Der Mindestlohn in der Post-Branche ist erst der Anfang. Die SPD möchte in mindestens zehn Branchen über eine Ausweitung des Entsendegesetzes Mindestlöhne durchsetzen. Als nächstes sind die Zeitarbeiter dran: Die Sozialdemokraten wollten die Zeit- und Leiharbeit als Instrument beibehalten, die Arbeitnehmer aber schützen, sagte SPD-Chef Kurt Beck in Berlin. Es gehe um den Grundsatz "Gleicher Lohn für gleiche Arbeit".

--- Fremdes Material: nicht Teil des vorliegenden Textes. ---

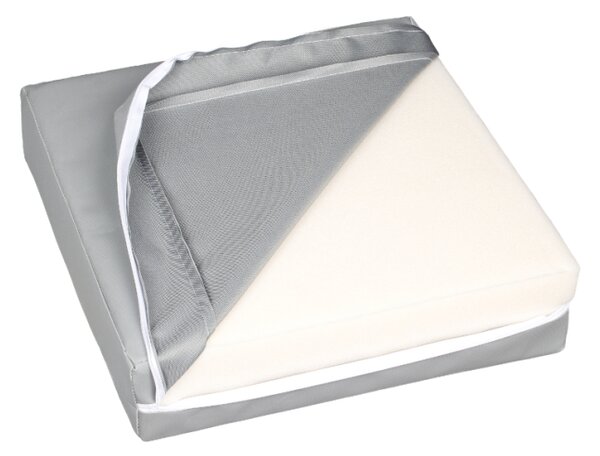 Bellatex Sedák nepromokavý 40x40x10 cm světle šedá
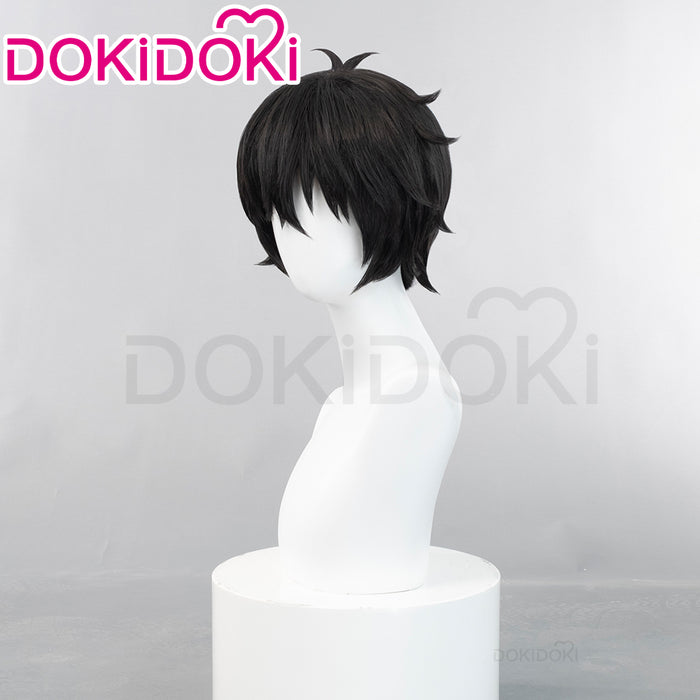 【Ready For Ship】DokiDoki Anime Wind Breaker Cosplay Togame Jo Wig Short Straight Black Hair Togamejo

CSU-Chef Erwin Huber kritisierte den Vorstoß der SPD, den Mindestlohn auf weitere Branchen auszuweiten. "Es kann nicht sein, dass in einer Art Salami-Taktik jetzt Branche für Branche drankommen soll», sagte Huber. Auch Wirtschaftsminister Michael Glos (CSU) ist besorgt: "Nach dem Post-Mindestlohn ist der nächste Dammbruch bei der Zeitarbeit zu befürchten", schrieb Glos in einem Brief an die Unionsfraktion. Sollte die Deregulierung der Zeitarbeit wieder rückgängig gemacht werden, "droht der Verlust vieler Arbeitsplätze".
stern.de stellt verschiedene Branchen und den Stand der Verhandlungen vor.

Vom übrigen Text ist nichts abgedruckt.